FAMU towing strikes again

After a costly run in with Mallory Towing and Recovery Inc. on Aug. 30, Christopher Bowen will be wary of parking in reserved spaces on FAMU’s campus in the future.

Bowen, a business administration student, said while flagging down a truck towing his car out of the School of Business and Industry parking lot, the truck bumped him and he still had to pay over $100 of his bill money to retrieve his car afterward.

Though the towing company denies hitting Bowen, the incident has led Student Government Associaion vice president Phillip Agnew, who witnessed the incident, to fight to prevent the company from towing on campus again.

Bowen said he knew he parked in a reserved spot and the driver towed his car legally, but said he is upset because of the “disrespectful and inconsiderate” behavior of the driver.

The 20-year-old from Monticello, Ga., said when he saw the tow truck he took off running to catch the driver before he took the car to an impound lot.

“I waved him down and he stop, but when I jogged in front (of the truck) he pulled up on the brake and the right bumper hit me and I fell and landed on my side,” Bowen said.

Bowen said he then got up and shouted for the driver to stop but the driver gave him “a gesture, like get out of the way.”

Bowen said when he walked to the driver’s window and asked him to take the car down, the driver asked for $85.

One of Bowen’s friends and Agnew, a 20-year-old junior business administration student from Chicago, arrived at the scene while Bowen and the driver were arguing, and attempted to convince the driver to lower the price.

Agnew said Bowen was “very animated,” but the driver was rude and used profanity at the students.

“Finally I just asked him (the driver) to take the car down and he said I was getting hostile and called the police over,” Bowen said.

Once the police arrived, the driver refused to take the car down because he claimed the student stopped his truck with his briefcase and dented the truck; a claim Bowen said was impossible.

Frustrated because of the situation, Bowen said he finally agreed to pay the $85 plus an additional fee the driver requested for truck damage because he wanted his car.

The student said he filed a report against the driver and the company to FAMU PD after the incident.

“I don’t want him (the driver) to do the same thing to other people,” Bowen said, “He could’ve easily just put the car down and left.”

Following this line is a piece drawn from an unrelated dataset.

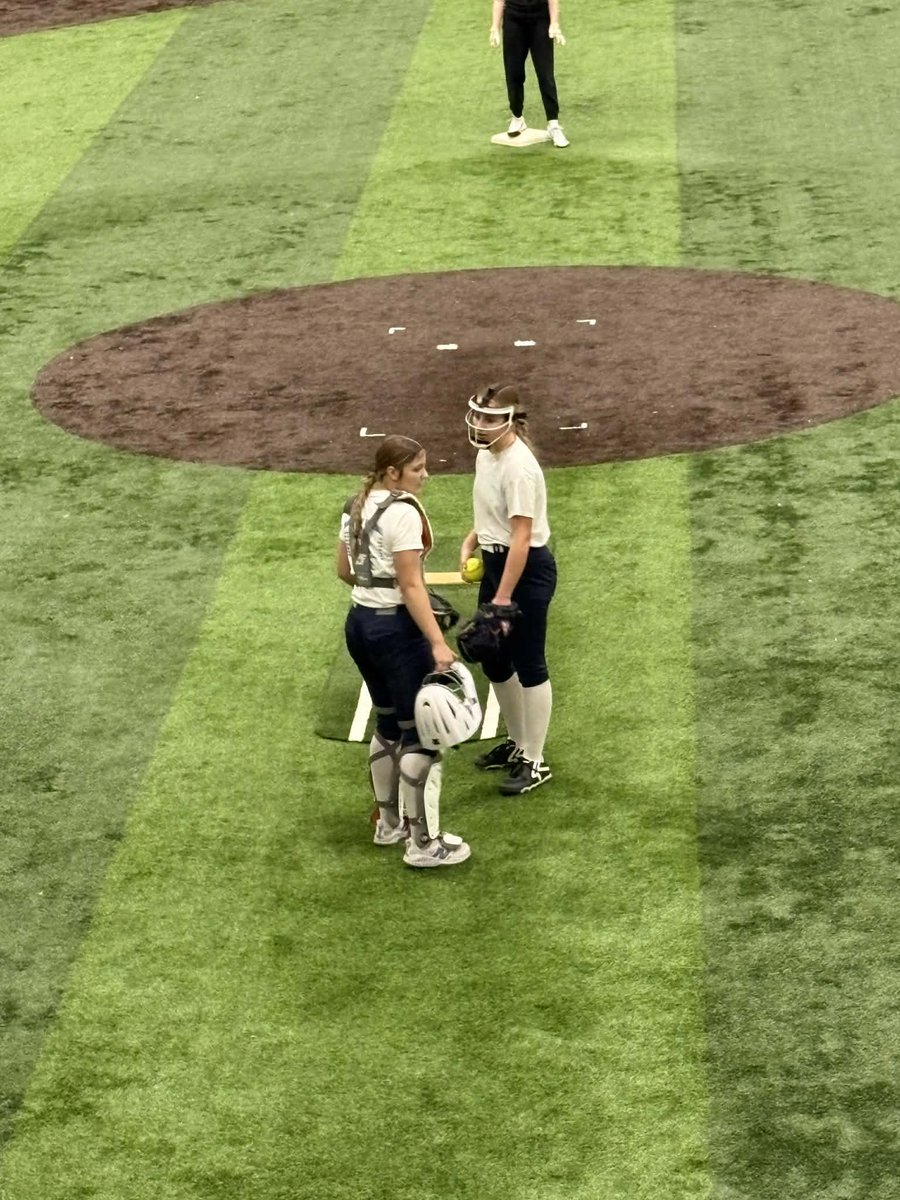 Adleah_Gerber's tweet image. Catching highlights from this weekend! I enjoy being behind the plate, and love it even more when I get to catch for my best @Alexisleavitt34 
#2030grad #catcher #Besties #fastpitchsoftball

The towing company is aware of Bowen’s story, but supports the driver and claims no responsibility for hitting the student.

Juanita, the assistant manager at the towing company who asked for her last name not to be printed, said when the police came to the scene Bowen did not mention the driver hitting him.

“Anyone who got hit would have immediately said, ‘he hit me.'” Juanita said.

“I talked to my driver and he said he did everything in his power to avoid hitting him,” she said, “He was running next to the truck and damaged it when the driver stopped and the student fell.”

“We’re not in the wrong. Unless I get a different story from FAMU PD that’s all I know.” Juanita said.

The assistant manager said she appreciates the FAMU student body’s effort in coming together because they are “awesome for supporting the student.”

Agnew said he spoke with Interim President Castell V. Bryant and FAMU PD Chief Ross after the incident. Agnew said he wants to know if FAMU has a contract with the towing company and if so to have it discontinued.

“It’s a privilege for towing companies to come to our campus,” Agnew said.

“They shouldn’t come and mistreat students,” he said.

FAMU PD could not be reached for comment.